Ischaemic patterns in veteran athletes may result from subclinical myocardial infarction [59] which warrants appropriate investigation and follow-up assessments (Figure 7). An increased risk of adverse outcomes has been seen in veteran marathon runners with MF and higher coronary artery calcification scores [60]. In this study, higher coronary event rates at the six-year follow-up were seen in those runners with MF and coronary calcification (57% vs. 8%) than those without MF.

4.5. Limitations

This review has several limitations. The studies reviewed are based on small numbers of athletes, typically healthy males. Data on female endurance athletes remain limited. The possibility of selection bias could not be excluded due to the different recruitment strategies and inclusion/exclusion criteria employed in the studies; e.g., several studies recruited athletes who were from local communities or who were self-referred. Not all athletes or controls could be guaranteed to be without cardiovascular disease, as not all underwent physical examinations or testing prior to the studies, e.g., the self-reporting of comorbidities or prior risk factors. The definition and characterisation of exercise history, athletic groups, and myocardial fibrosis may vary between studies and affect the interpretation of the data.

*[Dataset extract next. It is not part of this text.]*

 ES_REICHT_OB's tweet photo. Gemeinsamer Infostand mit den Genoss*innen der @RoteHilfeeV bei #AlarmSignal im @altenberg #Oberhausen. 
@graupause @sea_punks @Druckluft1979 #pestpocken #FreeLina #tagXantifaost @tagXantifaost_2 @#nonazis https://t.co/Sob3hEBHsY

These categories can be poorly defined and not well quantified, particularly when using self-reporting methods. This may make it somewhat difficult to accurately account for exercise history (intensity, duration, and mode) or classify an athlete or a control in studies, e.g., recreational vs. professional. Using common terminology to describe MF or LGE patterns and locations may help to facilitate a more accurate and reproducible interpretation of the studies involved, e.g., minor vs. major, patchy or spotty, and mid- or intramyocardial. Lastly, a limited number of studies in this review utilised T1 mapping to assess myocardial composition in athletes; thus, more extensive population data are needed.

5. Conclusions

This review highlights several factors that may predict the development of MF in athletes, with speculative insights into the associated pathophysiological processes. In most instances, an increase in cardiac remodelling and MF was associated with intense long-term endurance exercise. The patterns and extent of MF appear to vary according to the athlete’s age and sex. Although few studies on female athletes are available, women seem to be less strongly affected by MF than male athletes, which may explain the lower incidence of adverse cardiac events. MF should be assessed in clinical contexts, and the assessment of at-risk athletes is essential due to the risk of VA and SCD. Minor MF seems to be of little clinical significance; however, major MF should prompt further evaluation and follow-up assessments regarding potential cardiac disease, particularly in young athletes. The absence of extensive MF (>20% LGE) or exercise-induced arrhythmias may allow athletes to participate in most competitive sports. Additional longitudinal studies using standardized definitions for athletic groups, exercise history, and MF assessment are required in larger athletic cohorts to explore the underlying pathophysiological mechanisms of MF in athletes. Further research addressing research gaps involving more diverse athletic populations including female athletes and those from different ethnic backgrounds and long-term cardiovascular outcomes of athletes with MF are required.